Spanish activist Enric Duran has swiped nearly half a million Euros in loans from banks in Spain, which has wracked Spain's economy leaving its citizens buckling under catastrophic unemployment. He has no intention of ever paying those loans back, which has earned him a reputation as "the Robin Hood of the banks."
That conceit has extended to the law, from which he has been on the run for the past 14 months.
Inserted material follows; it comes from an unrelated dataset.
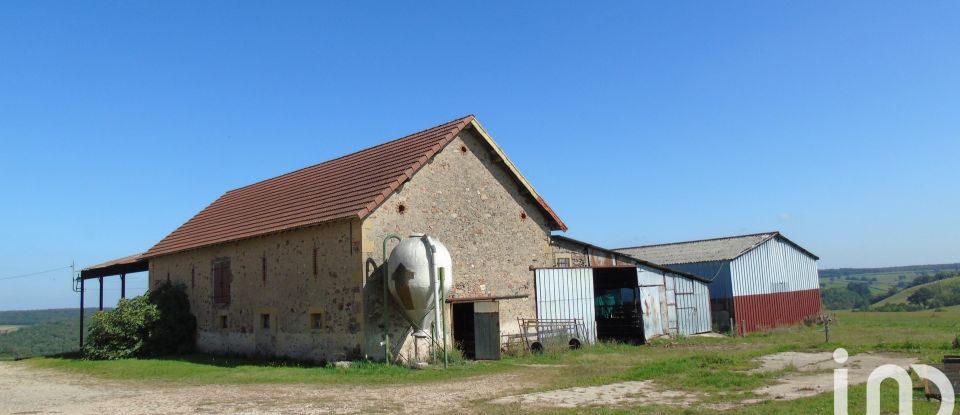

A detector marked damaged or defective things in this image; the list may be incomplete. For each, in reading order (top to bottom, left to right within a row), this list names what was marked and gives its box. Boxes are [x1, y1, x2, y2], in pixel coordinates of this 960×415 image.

rusty metal roof [146, 114, 568, 256] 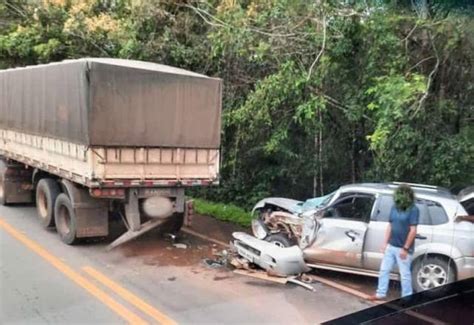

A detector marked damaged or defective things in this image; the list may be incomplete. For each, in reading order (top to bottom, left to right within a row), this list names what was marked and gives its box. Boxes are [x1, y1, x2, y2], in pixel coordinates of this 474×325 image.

crumpled front bumper [231, 232, 310, 274]
crashed white suv [246, 182, 472, 292] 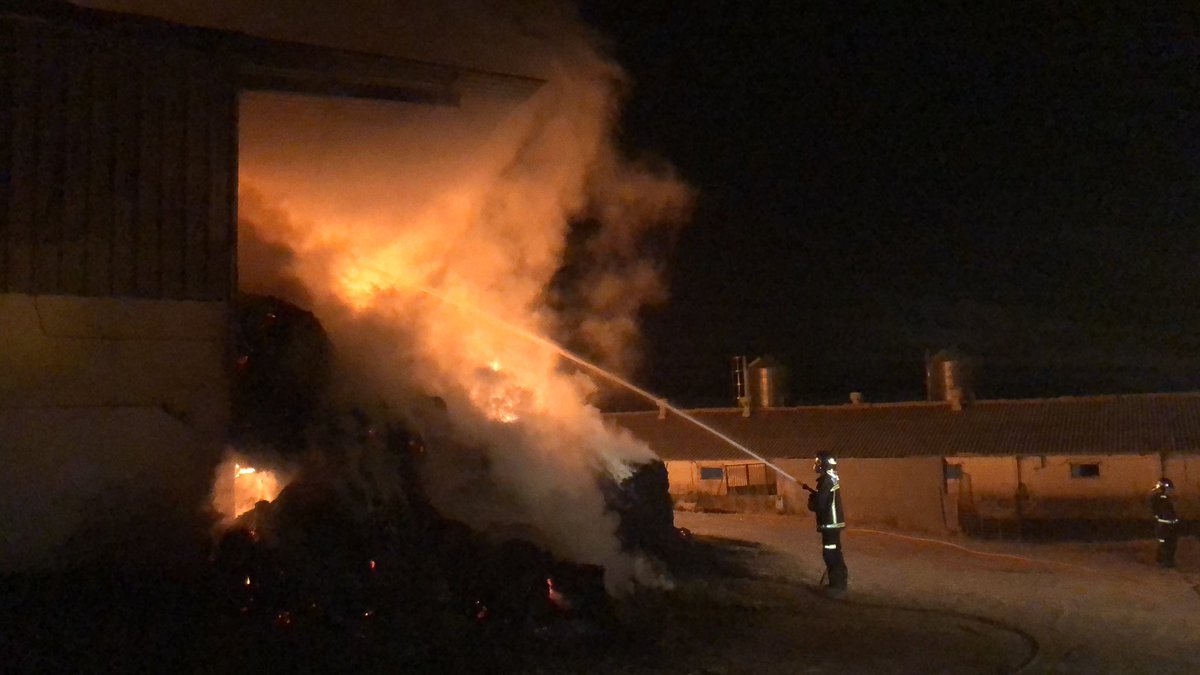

But Duran remains unabashed.
"The people in Spain who believe that banks don't work, they think that I don't owe anything," he told the Guardian in a Skype interview from an undisclosed location. "I don't see legitimacy in a judicial system based on authority, because I don't recognize its authority."
Image Credit: AP. A protest in Pamplona against austerity measures taken by the Spanish government.
Before the economic crisis that has left Spain with unemployment rates worse than those seen during the Great Depression, Duran was a table tennis coach. "I saw that on one side, these [anti-capitalist] social movements were building alternatives but that they lacked resources and communication capacities," he said. "Meanwhile, our reliance on perpetual growth was creating a system that created money out of nothing."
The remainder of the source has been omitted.